GIVEN INFORMATION —
((
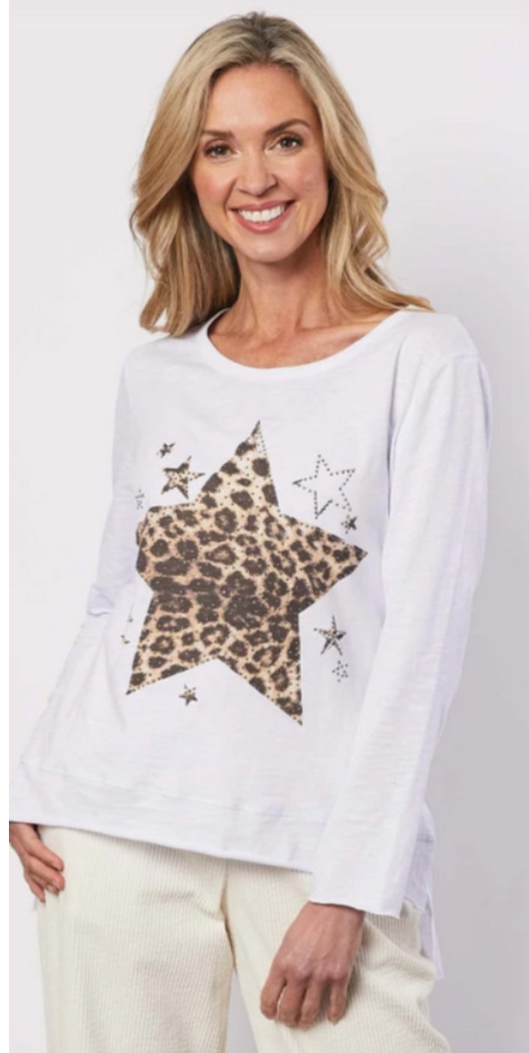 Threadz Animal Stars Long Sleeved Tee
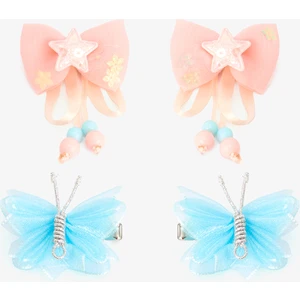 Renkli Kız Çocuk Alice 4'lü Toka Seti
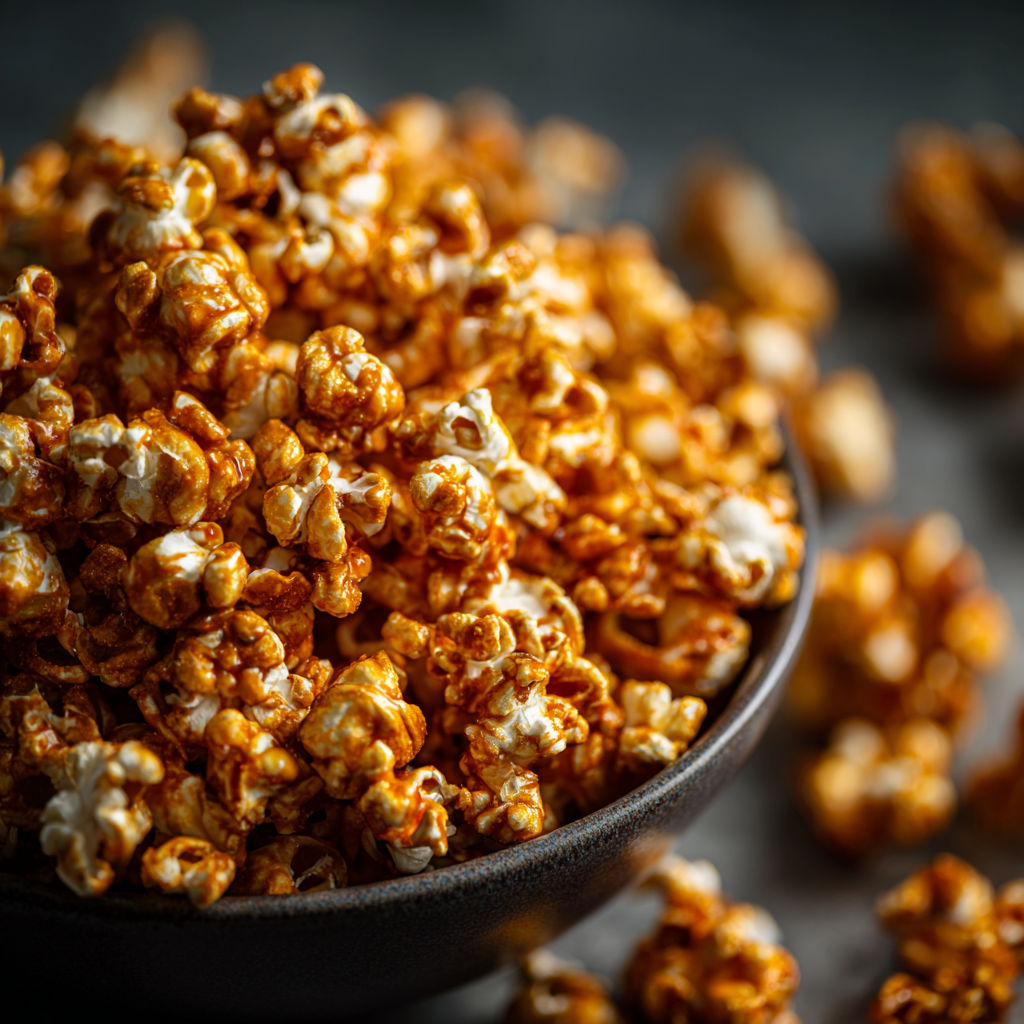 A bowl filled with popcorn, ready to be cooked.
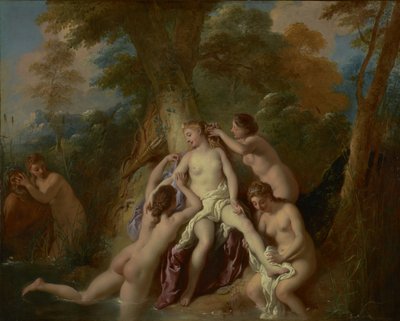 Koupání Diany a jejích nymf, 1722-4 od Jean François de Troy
))
TASK ITEM — Copy exactly the lines running from the line with "A bowl filled" to the final line of the listing, keeping both ends and dropping any picture.

SOLUTION TO THIS PROBLEM —
 A bowl filled with popcorn, ready to be cooked.
 Koupání Diany a jejích nymf, 1722-4 od Jean François de Troy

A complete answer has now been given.